Pat Richter laughed off the revelation that struck him in the course of helping to select a list of people influential in building the tradition of Camp Randall Stadium over its first 100 years.
The former University of Wisconsin star athlete and athletic director thought about Badgers historians that have passed away, ones that would have surely been chosen for the task he was completing.
Speaking Wednesday as one of the selectors and one of the selected, Richter, 75, shared what came to him through the endeavor.
“I started looking in the mirror and saying, ‘you’re getting to be the oldest guy around now,’ ” Richter said.
Richter was the first name revealed as part of the UW Athletic Department’s Camp Randall 100, a project to list people who have shaped the stadium’s history as its 100th birthday approaches.
The department will feature one person each day until the Sept. 1 football opener against Utah State at Camp Randall.
Richter was part of a selection panel that included UW athletic administrators and local media, and he said one of the most challenging initial steps was narrowing the project’s focus.

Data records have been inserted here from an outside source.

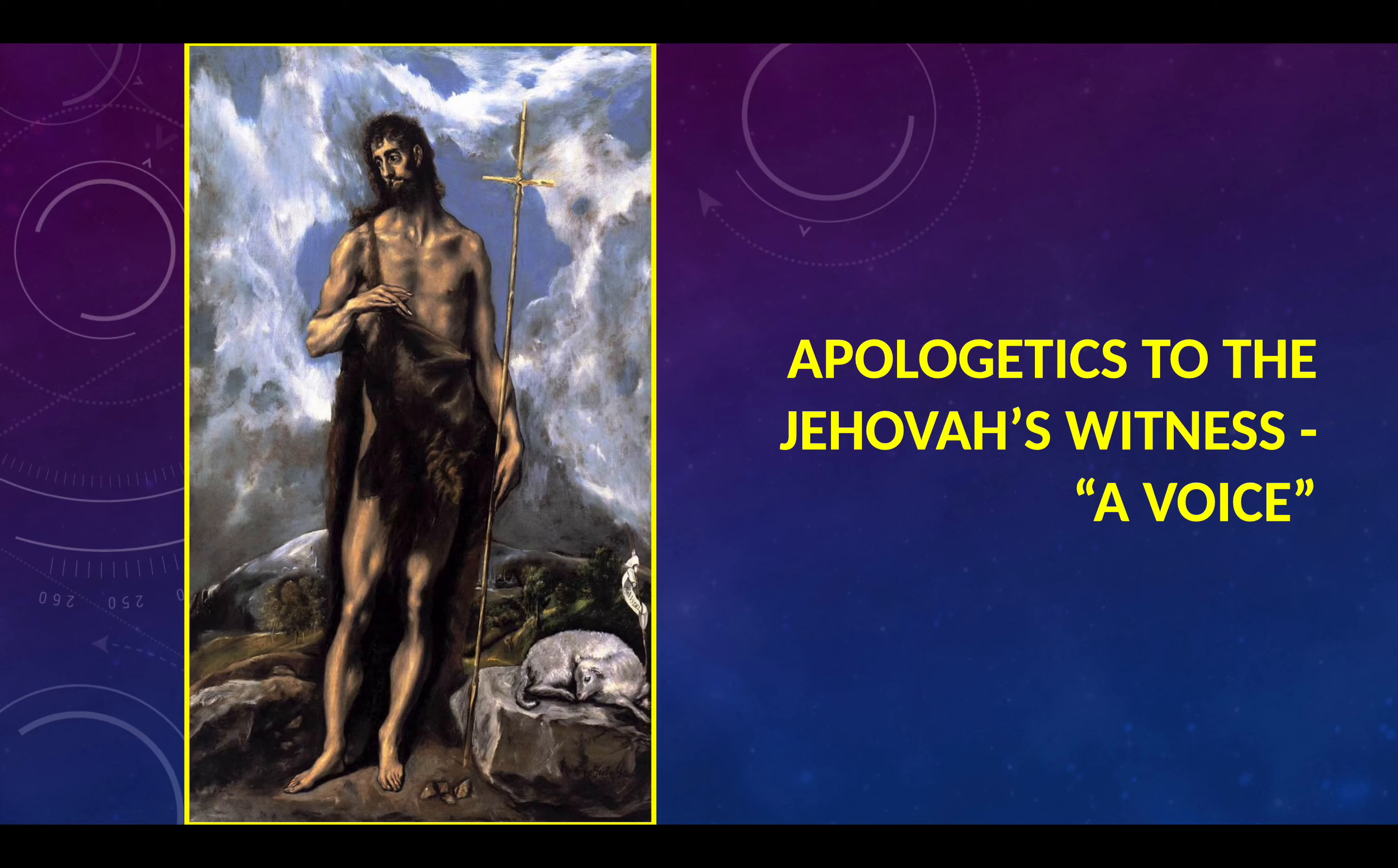Welcome to My Vaccine is Jesus. Today's discussion is in the Apologetics to the Jehovah's Witness playlist and is entitled, A Voice.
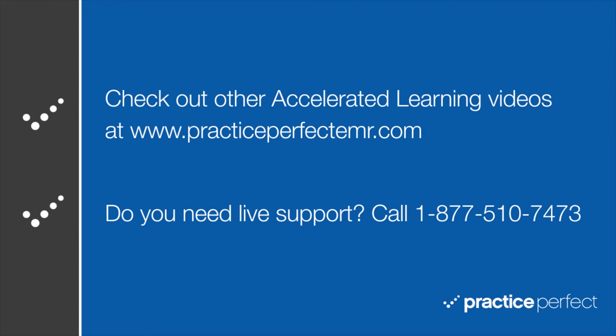Thanks for visiting. Be sure to check out the other accelerated learning videos at PracticePerfectEMR.com. Bye for now.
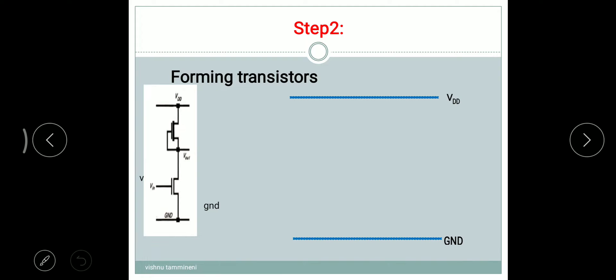Step two: form the transistors. Here we have two transistors — one is the pull-up transistor and the second is the pull-down transistor. Both transistors are NMOS. The pull-up transistor is a depletion NMOS transistor, and the pull-down transistor is an enhancement NMOS transistor. For NMOS, green over red forms the transistor. For the pull-up, which is depletion, we also require a yellow color implant box. This is the second step — to form the transistors.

In a broad view, many people not connected to the Badgers could have been considered. Richter wondered whether the group should consider Heisman Trophy winners from other schools or legendary opposing coaches that left an impression at Camp Randall.
In the end, it became a UW-focused group but not exclusively looking at the Badgers football team’s history.
“It could have been events that happened in Camp Randall, high school events that happened here,” said UW athletic director Barry Alvarez, who added input on the list. “It was a celebration of 100 years, not just of Wisconsin football but events in Camp Randall.”
And Alvarez said Richter was a natural choice to be the first member of the group revealed.
A Madison native, Richter earned three UW letters in each of three sports — football, baseball and basketball — and was a two-time football All-American as a receiver.
During his 15-season tenure as athletic director, UW started a $109.5 million renovation of Camp Randall, adding suites and department offices behind the east side of the seating bowl.
Those improvements brought the stadium, which was dedicated with a 10-7 Badgers victory over Minnesota on Nov. 3, 1917, into a new era.
UW is celebrating the upcoming 100th birthday with a website — camprandall100.com — that will feature the Camp Randall 100 and highlight the stadium’s history.
The athletic department on Wednesday also unveiled designs for 2017 football tickets that draw on historic program covers from games at Camp Randall.
As much as the project is about the stadium’s past, its future has been on the mind of athletic department officials.
A facility master plan for the department announced in January showed concepts for potential future stadium improvements.
One possibility was a transformation of the south end zone seating areas to add club seats and a terrace level that would continue into the Field House.
Alvarez said Wednesday that improvements in the south end zone, which was reconfigured during the four-year renovation that ended in 2005, probably would be the next project for the stadium. Timing and specifics, however, haven’t been detailed.
“We’ve pretty much maxed every inch of this stadium out,” Alvarez said. “We’ve made offices. We have the largest kitchen in the city in the stadium. We’ve done a training table. We’ve used every bit of it that we can and used it well.”
Nothing that would be done, Alvarez said, would take away from the integrity or tradition of the stadium.
He told of being asked for his opinion of Minnesota’s TCF Bank Stadium, which opened on campus in 2009, and how it compared with Camp Randall.
“Well, you can’t build tradition,” Alvarez said. “You can’t put a building up and say because it looks like such-and-such or we copied this from this-or-that stadium, now we have tradition.
“We have that here. And when teams take the field, they can feel it. We’re fortunate in our league, we have a number of stadiums like that. That’s why we’re so proud of this.”